In many ways, a company is only as green as its supply chain. But how in the world do you control that? Not an easy question to answer, but a good place to start would be measuring the footprint of your supply chain as it currently stands. After all, what gets measured can be managed.
Anyone who has looked at life cycle analysis (LCA) knows that the interconnections and interdependencies between companies and the many entities that they, their suppliers, and their employees interact with ultimately extend to the vanishing point. This infinity factor makes it virtually impossible to compute the footprint exactly, though “reasonable approximations” can certainly be made.
We have previously described efforts in this space by Walmart to set up a sustainability index that attempts to look at the entire supply chain’s impact. P&G is another company that has set up an ambitious effort to understand the size of the shadow it casts through its Supply Chain Scorecard project.
As a few companies at the head of the pack begin to work out their approach, these ideas are starting to coalesce in broader standards with the help of various NGO's.
For example, just last week the World Resources Institute announced the launch of two new supply chain carbon emission standards they partnered with the Greenhouse Gas Protocol to release. These include the GHG Protocol Corporate Value Chain (Scope 3) and Product Lifecycle Standards. The preamble to the Value Chain Standard states that, “global carbon dioxide emissions must be cut by as much as 85 percent below 2000 levels by 2050 to limit global mean temperature increase to 2 degrees Celsius above pre-industrial levels.” This is serious business. GHG Protocol provides the foundation for sustainable climate strategies and more efficient, resilient and profitable organizations, based on the most widely used accounting tools to measure, manage and report greenhouse gas emissions.
The Scope 3 standard, which was developed as the result of a three-year multi-stakeholder process, includes both requirements and guidance for the expanded scope that goes well beyond a company's direct emissions from facilities and vehicles (Scope 1), and purchased energy for their infrastructure (Scope 2 ), to include purchased goods and services, transportation and distribution, use of sold products, end of life product management, business travel, waste, investments, and other areas, for a total of fifteen, encompassing both upstream and downstream activities. Scope 3 will likely be the area where most companies will find both the largest opportunities for emissions reductions and the biggest tracking challenges. The standard includes emission of the six major greenhouse gases: carbon dioxide, methane, nitrous oxide, hydrofluorocarbons, perfluorocarbons, and sulphur hexafluoride.

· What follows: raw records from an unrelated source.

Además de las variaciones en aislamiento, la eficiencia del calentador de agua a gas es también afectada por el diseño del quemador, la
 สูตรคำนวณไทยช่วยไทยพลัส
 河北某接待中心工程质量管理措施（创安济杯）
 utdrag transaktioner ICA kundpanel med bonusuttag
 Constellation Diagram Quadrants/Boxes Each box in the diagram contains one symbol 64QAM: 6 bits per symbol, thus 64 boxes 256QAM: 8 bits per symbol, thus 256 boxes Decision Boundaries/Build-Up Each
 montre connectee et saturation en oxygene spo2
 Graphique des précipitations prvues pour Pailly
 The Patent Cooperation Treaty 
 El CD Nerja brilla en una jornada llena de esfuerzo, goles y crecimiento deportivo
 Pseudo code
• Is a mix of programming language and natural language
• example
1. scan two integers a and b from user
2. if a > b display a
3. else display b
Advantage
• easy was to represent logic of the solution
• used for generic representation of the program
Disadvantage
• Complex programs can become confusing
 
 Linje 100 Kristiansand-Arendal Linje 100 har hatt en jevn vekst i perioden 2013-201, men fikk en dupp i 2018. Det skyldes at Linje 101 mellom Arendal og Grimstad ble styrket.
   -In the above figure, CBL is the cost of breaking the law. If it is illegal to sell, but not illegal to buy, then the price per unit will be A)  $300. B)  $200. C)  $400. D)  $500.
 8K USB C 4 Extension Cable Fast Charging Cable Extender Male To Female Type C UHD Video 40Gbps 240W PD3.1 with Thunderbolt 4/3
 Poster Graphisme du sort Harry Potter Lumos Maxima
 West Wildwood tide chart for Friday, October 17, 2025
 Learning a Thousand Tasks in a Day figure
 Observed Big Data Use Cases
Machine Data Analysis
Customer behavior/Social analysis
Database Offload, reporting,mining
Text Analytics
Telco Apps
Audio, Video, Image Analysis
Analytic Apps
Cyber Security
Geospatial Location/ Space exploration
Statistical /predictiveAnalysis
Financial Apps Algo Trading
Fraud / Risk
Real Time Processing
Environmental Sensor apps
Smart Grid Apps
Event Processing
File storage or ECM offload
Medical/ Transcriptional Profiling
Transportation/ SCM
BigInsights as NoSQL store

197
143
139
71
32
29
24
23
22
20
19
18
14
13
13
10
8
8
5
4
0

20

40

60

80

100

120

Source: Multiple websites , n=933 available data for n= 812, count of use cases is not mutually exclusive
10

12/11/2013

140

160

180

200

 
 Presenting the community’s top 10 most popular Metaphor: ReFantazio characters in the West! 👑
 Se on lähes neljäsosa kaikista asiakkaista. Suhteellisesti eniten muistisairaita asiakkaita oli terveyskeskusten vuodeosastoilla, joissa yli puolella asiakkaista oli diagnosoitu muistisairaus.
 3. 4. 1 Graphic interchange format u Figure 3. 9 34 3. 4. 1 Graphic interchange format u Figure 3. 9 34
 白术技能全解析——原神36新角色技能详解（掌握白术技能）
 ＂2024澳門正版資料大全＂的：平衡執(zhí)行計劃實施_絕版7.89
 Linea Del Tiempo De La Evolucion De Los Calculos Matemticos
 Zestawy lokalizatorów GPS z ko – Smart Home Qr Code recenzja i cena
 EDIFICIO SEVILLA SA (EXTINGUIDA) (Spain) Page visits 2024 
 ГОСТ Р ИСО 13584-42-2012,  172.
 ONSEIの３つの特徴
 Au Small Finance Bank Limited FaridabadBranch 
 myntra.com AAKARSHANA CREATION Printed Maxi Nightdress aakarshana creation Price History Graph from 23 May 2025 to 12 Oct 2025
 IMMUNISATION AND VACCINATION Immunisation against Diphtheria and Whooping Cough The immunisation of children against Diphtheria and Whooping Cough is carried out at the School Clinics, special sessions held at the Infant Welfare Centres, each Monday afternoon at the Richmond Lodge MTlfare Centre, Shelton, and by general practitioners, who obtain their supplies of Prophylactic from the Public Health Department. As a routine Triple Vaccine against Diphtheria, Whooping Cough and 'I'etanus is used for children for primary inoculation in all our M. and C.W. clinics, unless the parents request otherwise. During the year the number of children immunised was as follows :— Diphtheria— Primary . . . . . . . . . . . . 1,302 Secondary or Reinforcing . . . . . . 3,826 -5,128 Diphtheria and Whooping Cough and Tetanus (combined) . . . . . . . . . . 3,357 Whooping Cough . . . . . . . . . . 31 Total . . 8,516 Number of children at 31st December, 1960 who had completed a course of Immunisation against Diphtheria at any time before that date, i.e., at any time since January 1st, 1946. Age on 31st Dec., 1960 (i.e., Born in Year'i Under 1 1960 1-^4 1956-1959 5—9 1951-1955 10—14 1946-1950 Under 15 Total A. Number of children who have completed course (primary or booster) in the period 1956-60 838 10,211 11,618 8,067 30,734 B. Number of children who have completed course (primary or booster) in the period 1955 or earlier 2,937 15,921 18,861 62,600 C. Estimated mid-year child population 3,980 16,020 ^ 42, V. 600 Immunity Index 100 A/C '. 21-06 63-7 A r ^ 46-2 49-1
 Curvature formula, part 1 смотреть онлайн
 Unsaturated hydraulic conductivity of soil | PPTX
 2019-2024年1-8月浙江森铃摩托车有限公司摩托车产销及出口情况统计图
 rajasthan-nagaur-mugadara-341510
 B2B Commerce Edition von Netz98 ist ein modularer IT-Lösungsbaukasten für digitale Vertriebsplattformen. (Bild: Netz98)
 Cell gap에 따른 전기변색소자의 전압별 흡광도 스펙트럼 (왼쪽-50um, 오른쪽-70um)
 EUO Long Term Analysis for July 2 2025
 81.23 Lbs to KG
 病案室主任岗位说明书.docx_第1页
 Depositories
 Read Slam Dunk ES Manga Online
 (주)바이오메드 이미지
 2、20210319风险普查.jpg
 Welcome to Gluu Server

Once the measurements have been done, how does one go about reducing emissions, particularly in the transportation and delivery segment?
GSC Motion breaks down the supply chain footprint into three areas: Movement, Space and Material.
Movement includes total inbound shipment of raw materials and parts, movement of material from work-in-progress to finished goods. It also includes total outbound shipments into the distribution network as well as reverse logistics for any product returns from customers.
In the areas of transportation, they make the following recommendations:
- Consolidate less-than-truckload shipments both inbound and outbound
- Use environmentally friendly logistics providers
- Reroute fleet vehicles
- Optimize truckloads
- Utilize rail or intermodal
- Utilize backhaul for return shipments
Logistics planning can certainly make a huge difference. According to a model-based joint study by several universities in the US and Hong Kong, “determining how frequently supply deliveries are made could be as important in mitigating carbon emissions as the energy efficiency of the vehicles used to make these deliveries.”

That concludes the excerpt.